**Supplied material**
= Beginning of Section =

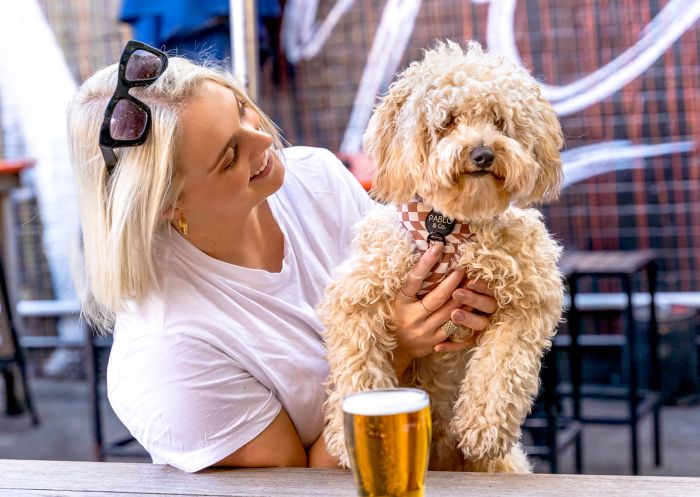 Woman with her dog in the courtyard at Vic on the Park, Enmore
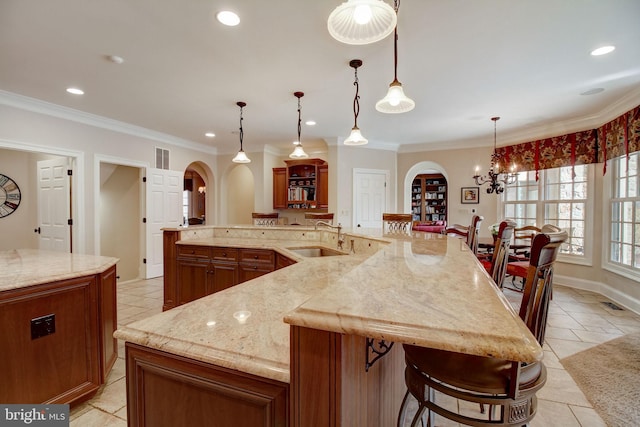 kitchen with arched walkways, crown molding, a large island, a sink, and light stone countertops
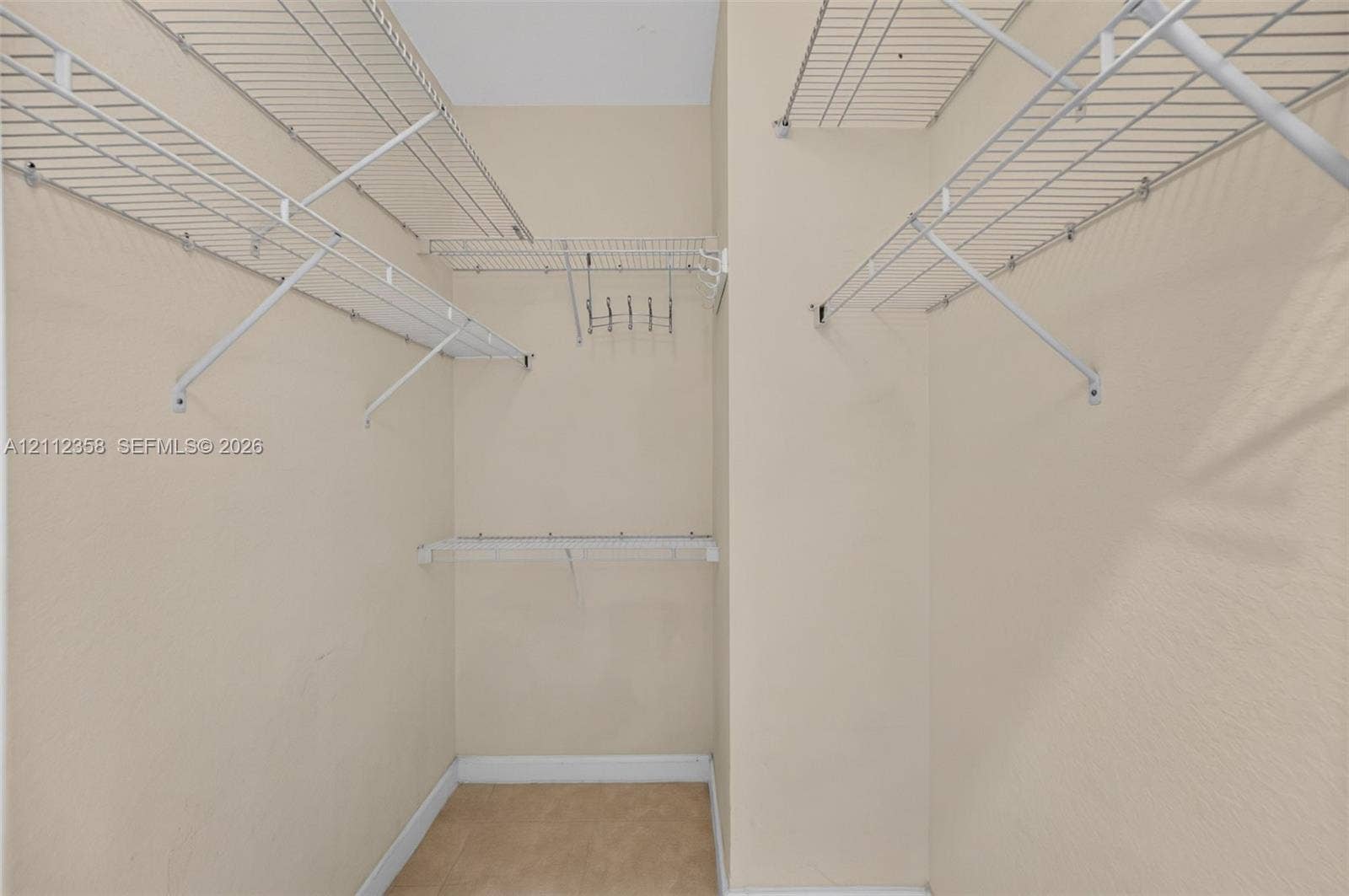1611 SE 16th Street, Homestead, FL 33035 Walk-in storage space featuring multi-level white wire shelving and a mounted hook rack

= End of Section =

**Try it**
Write the listing out again in full and unchanged, minus any pictures.

**Output**
 Woman with her dog in the courtyard at Vic on the Park, Enmore
 kitchen with arched walkways, crown molding, a large island, a sink, and light stone countertops
1611 SE 16th Street, Homestead, FL 33035 Walk-in storage space featuring multi-level white wire shelving and a mounted hook rack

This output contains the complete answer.